Requirement —
Below are some entries. Transcribe the lines from the one holding "Oakley Heren Whisker® Zonnebrilen" to the one holding "DASHDIET.ORG", inclusive, but not the pictures among them.

Source material —
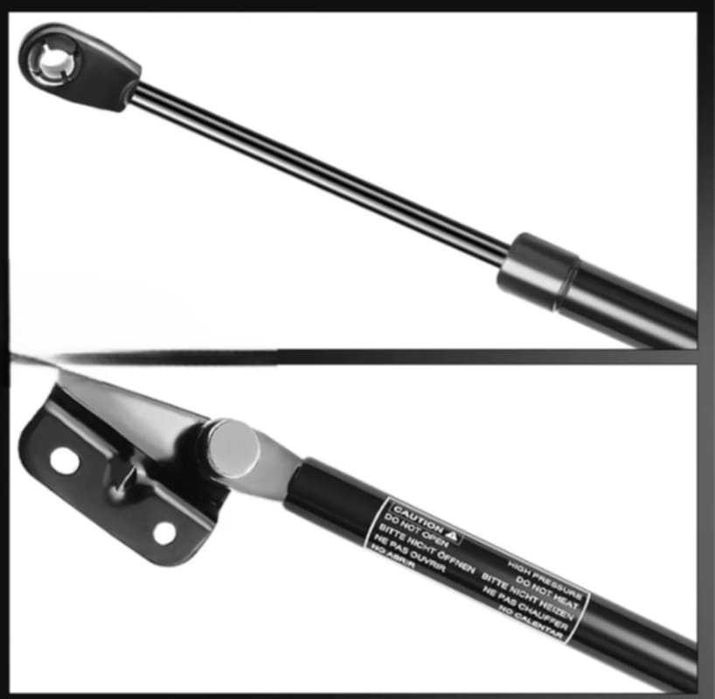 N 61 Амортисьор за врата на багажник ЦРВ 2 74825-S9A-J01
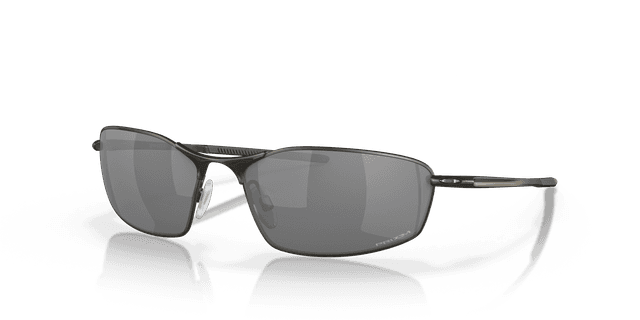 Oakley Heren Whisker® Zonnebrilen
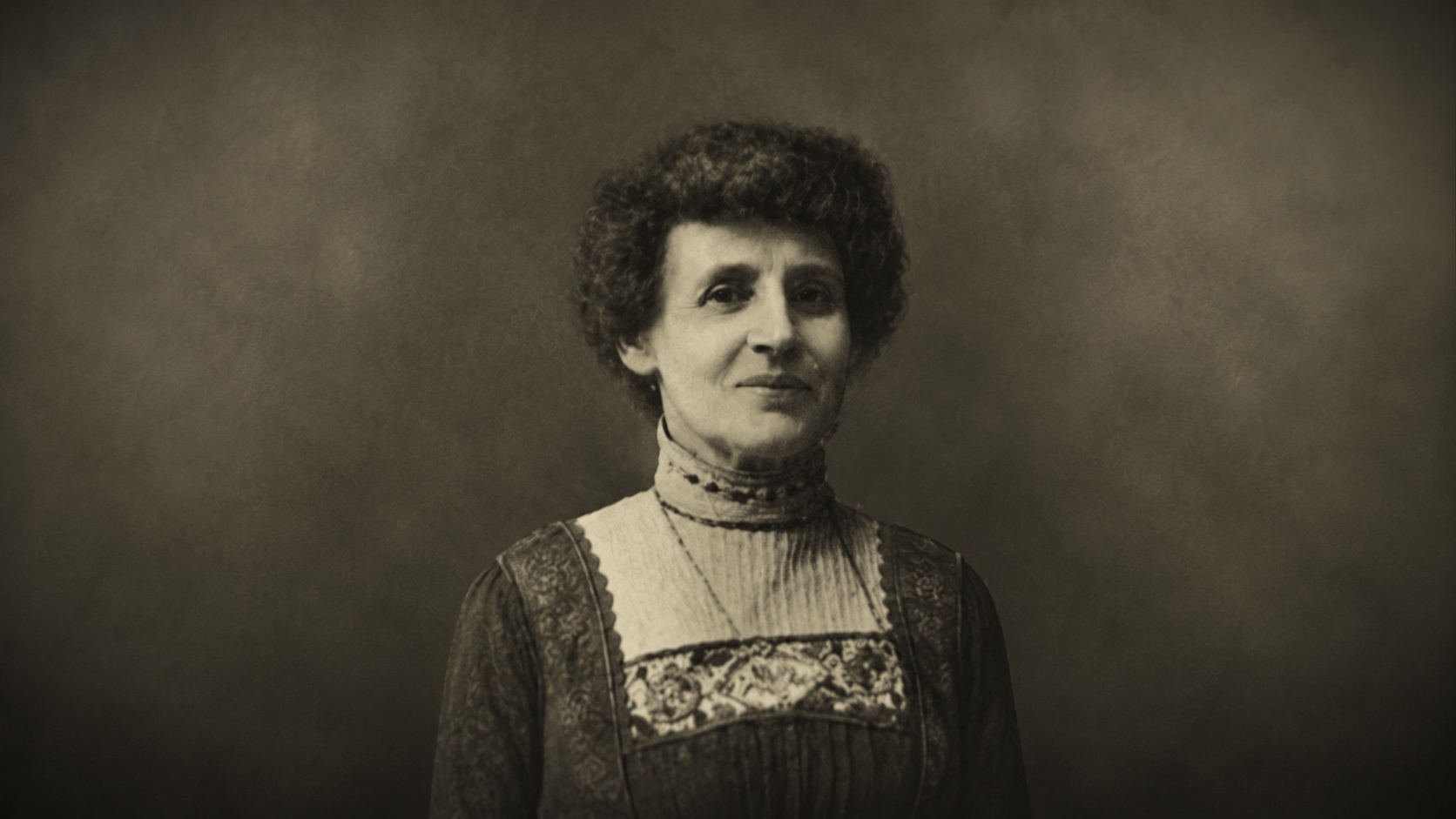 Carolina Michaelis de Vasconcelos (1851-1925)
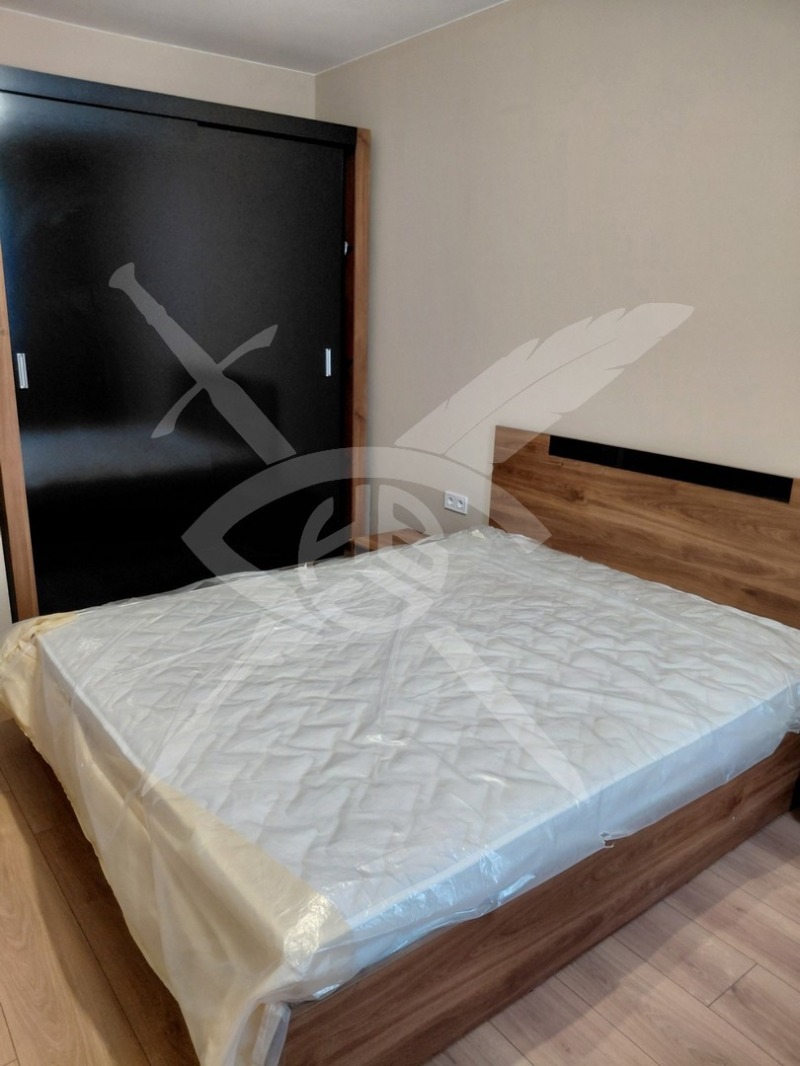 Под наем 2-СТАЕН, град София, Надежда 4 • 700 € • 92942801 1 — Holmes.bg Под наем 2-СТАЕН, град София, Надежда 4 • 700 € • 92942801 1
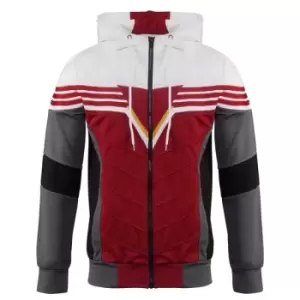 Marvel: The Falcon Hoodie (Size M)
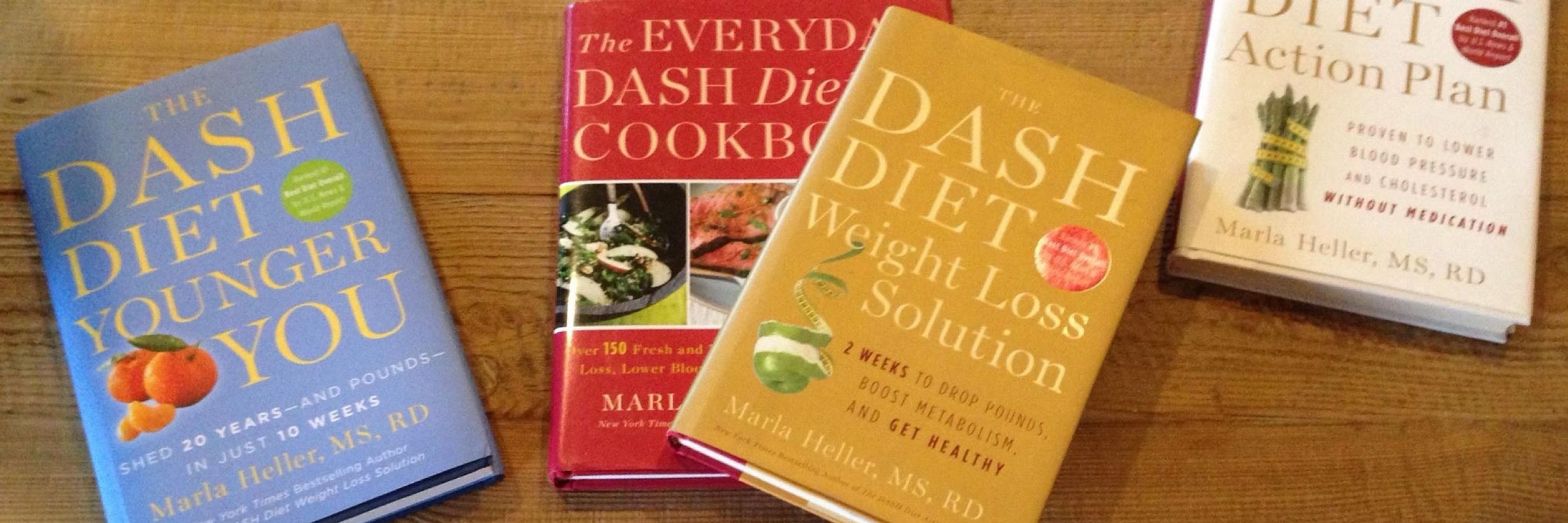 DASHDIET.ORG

...

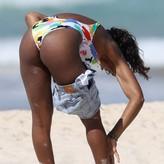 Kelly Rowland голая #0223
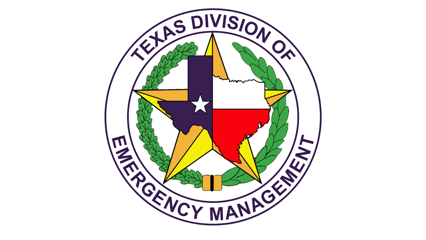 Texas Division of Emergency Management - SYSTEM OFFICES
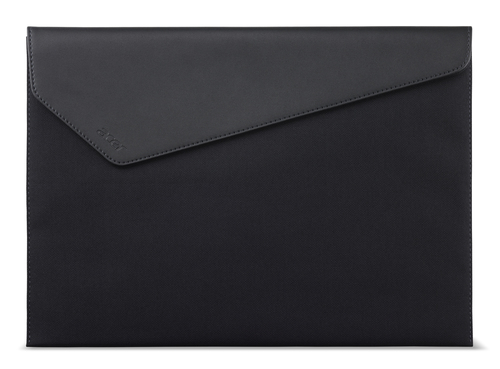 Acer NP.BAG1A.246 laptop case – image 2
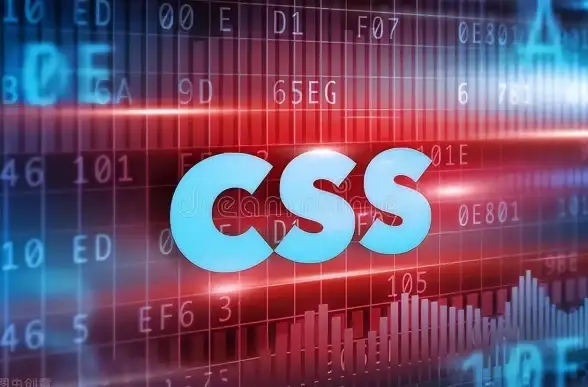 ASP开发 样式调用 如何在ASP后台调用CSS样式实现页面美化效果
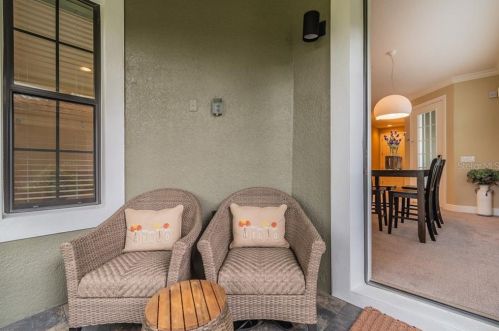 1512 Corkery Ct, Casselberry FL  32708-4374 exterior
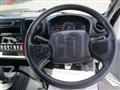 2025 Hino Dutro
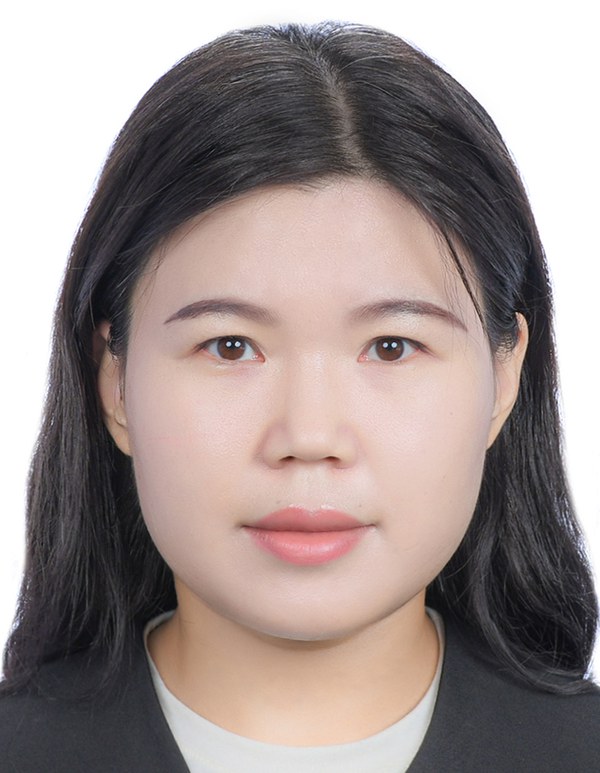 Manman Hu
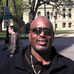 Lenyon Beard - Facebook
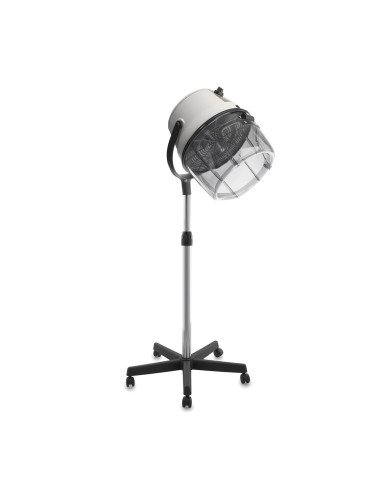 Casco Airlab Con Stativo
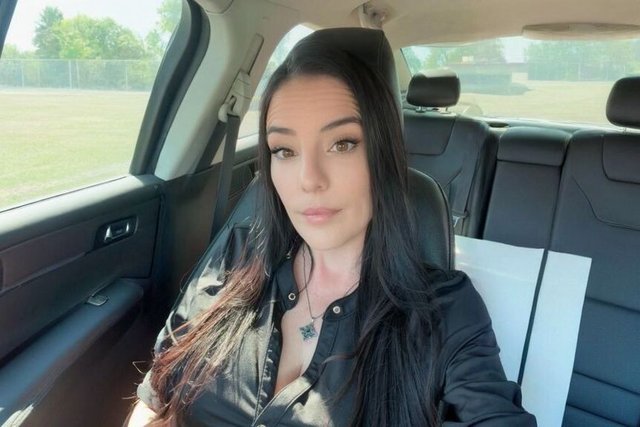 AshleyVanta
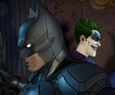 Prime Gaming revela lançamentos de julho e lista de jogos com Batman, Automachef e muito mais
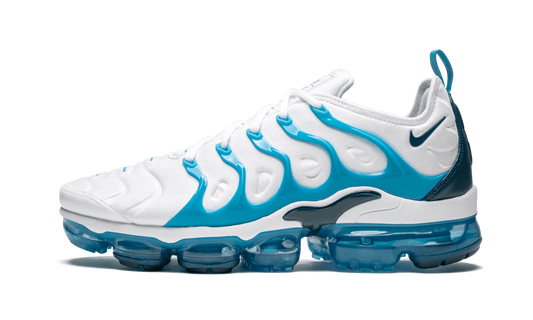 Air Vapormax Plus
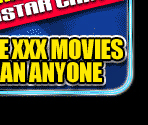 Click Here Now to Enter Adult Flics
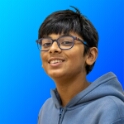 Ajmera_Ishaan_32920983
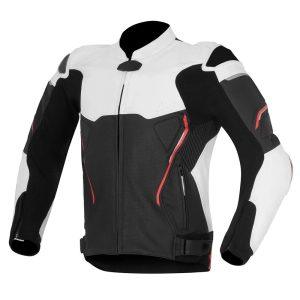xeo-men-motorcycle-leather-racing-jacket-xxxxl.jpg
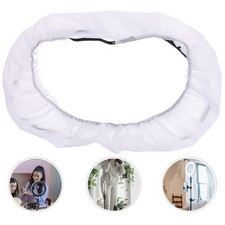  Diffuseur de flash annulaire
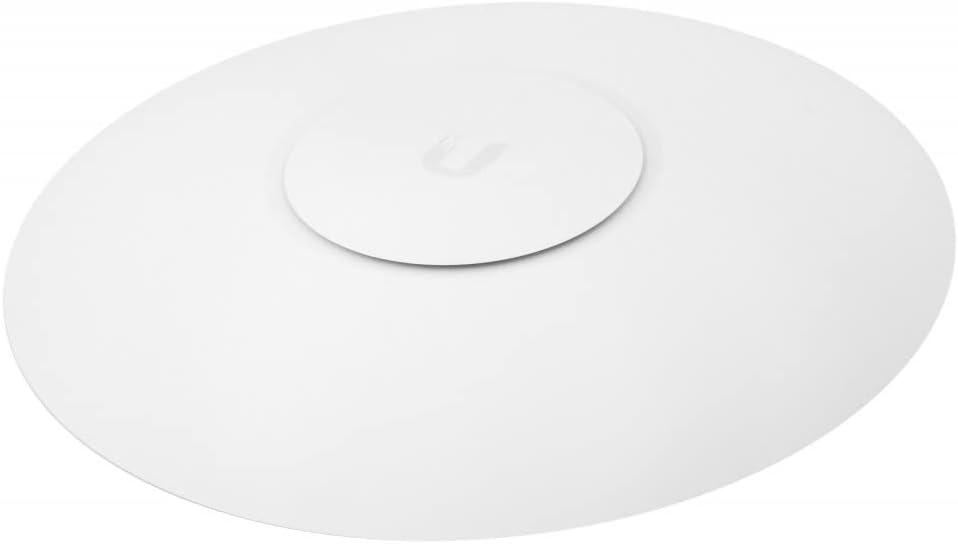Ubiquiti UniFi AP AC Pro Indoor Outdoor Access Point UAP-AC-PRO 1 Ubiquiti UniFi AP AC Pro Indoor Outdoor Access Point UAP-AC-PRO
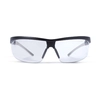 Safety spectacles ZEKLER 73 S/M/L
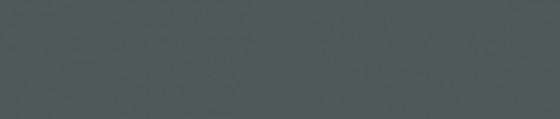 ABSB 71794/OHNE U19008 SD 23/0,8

Response to this exercise —
 Oakley Heren Whisker® Zonnebrilen
 Carolina Michaelis de Vasconcelos (1851-1925)
 Под наем 2-СТАЕН, град София, Надежда 4 • 700 € • 92942801 1 — Holmes.bg Под наем 2-СТАЕН, град София, Надежда 4 • 700 € • 92942801 1
 Marvel: The Falcon Hoodie (Size M)
 DASHDIET.ORG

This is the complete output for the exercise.